L’Assemblée nationale a évoqué le massacre de Thiaroye. Mais nos espoirs ont été déçus par la lecture du rapport. Un premier pas a été fait mais il faut bien regarder l’histoire et comprendre cette révélation sur les fosses communes.

Lorsque j’ai découvert le discours à l’assemblée nationale devant la ministre des armées du député Philippe Michel-Kleisbauer remplacé, pour cause de covid-19 par un collègue, j’ai senti une profonde satisfaction avec une lueur d’espoir tout en étant gênée par la présentation d’hommes démobilisés avant le massacre.

Trois historiens ont été auditionnés sur ce fait historique dans le cadre de l’avis fait au nom de la commission Défense nationale et des forces armées sur le projet de loi de Finances pour 2021 pour les crédits « Anciens combattants, Mémoire et Liens avec la Nation » : Pascal Blanchard, Martin Mourre et moi-même. Choisir d’évoquer Thiaroye 44 démontre un certain courage politique et je remercie Philippe Michel-Kleisbauer d’avoir osé mettre en lumière ce massacre  de tirailleurs sénégalais ex-prisonniers de guerre commis par l’Armée française le 1er décembre 1944.

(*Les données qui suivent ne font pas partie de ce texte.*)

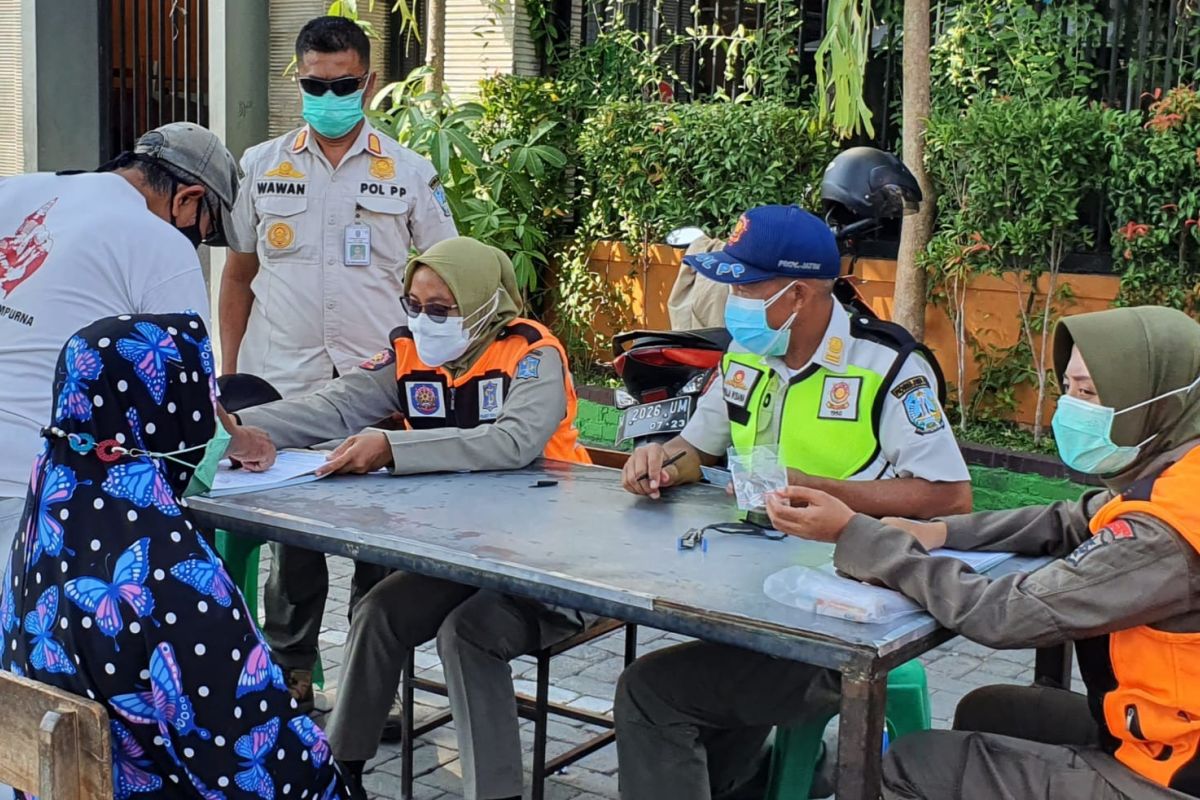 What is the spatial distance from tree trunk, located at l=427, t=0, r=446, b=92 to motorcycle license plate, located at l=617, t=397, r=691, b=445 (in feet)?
14.8

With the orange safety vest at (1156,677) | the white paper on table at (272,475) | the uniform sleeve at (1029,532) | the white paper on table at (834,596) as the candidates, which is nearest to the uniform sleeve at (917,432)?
the uniform sleeve at (1029,532)

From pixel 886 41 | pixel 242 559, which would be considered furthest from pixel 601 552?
pixel 886 41

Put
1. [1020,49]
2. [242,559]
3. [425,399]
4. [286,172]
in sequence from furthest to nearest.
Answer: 1. [1020,49]
2. [286,172]
3. [242,559]
4. [425,399]

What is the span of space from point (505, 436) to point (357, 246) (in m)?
1.23

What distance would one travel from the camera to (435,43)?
7688 millimetres

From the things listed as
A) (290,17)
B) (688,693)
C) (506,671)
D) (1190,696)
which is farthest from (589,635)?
(290,17)

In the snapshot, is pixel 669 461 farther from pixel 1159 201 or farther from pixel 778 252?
pixel 1159 201

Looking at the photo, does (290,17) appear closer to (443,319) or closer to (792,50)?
(792,50)

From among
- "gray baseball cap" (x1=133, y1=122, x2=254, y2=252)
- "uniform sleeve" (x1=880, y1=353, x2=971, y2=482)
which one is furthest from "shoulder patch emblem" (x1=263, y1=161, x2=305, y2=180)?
"uniform sleeve" (x1=880, y1=353, x2=971, y2=482)

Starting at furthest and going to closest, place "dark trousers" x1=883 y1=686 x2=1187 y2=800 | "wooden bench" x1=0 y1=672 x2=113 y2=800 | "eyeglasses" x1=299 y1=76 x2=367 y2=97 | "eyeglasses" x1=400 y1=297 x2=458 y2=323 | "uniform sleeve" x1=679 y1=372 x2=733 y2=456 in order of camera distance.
Result: "eyeglasses" x1=299 y1=76 x2=367 y2=97
"eyeglasses" x1=400 y1=297 x2=458 y2=323
"uniform sleeve" x1=679 y1=372 x2=733 y2=456
"dark trousers" x1=883 y1=686 x2=1187 y2=800
"wooden bench" x1=0 y1=672 x2=113 y2=800

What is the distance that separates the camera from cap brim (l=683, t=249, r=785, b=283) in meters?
3.19

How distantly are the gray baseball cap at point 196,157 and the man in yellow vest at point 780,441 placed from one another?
115 centimetres

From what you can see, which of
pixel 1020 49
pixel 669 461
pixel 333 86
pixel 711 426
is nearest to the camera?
pixel 669 461

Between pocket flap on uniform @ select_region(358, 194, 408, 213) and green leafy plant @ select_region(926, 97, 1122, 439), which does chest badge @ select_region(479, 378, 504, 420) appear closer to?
pocket flap on uniform @ select_region(358, 194, 408, 213)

Martin Mourre a publié un livre entièrement consacré à Thiaroye : Thiaroye 1944 Histoire et mémoire d’un massacre colonial, PUR, 2017. Pascal Blanchard, dans son ouvrage co-dirigé avec Nicolas Bancel et Sandrine Lemaire Décolonisations françaises La fin d’un Empire, éditions de La Martinière, 2020, deux pages illustrées sont consacrées au massacre de Thiaroye. Pour ma part, j’ai transmis au député le chapitre entièrement revu et renommé « Thiaroye : un mensonge d’Etat » de mon livre Prisonniers de guerre « indigènes » Visages oubliés de la France occupée, La Découverte, réédité en 2019.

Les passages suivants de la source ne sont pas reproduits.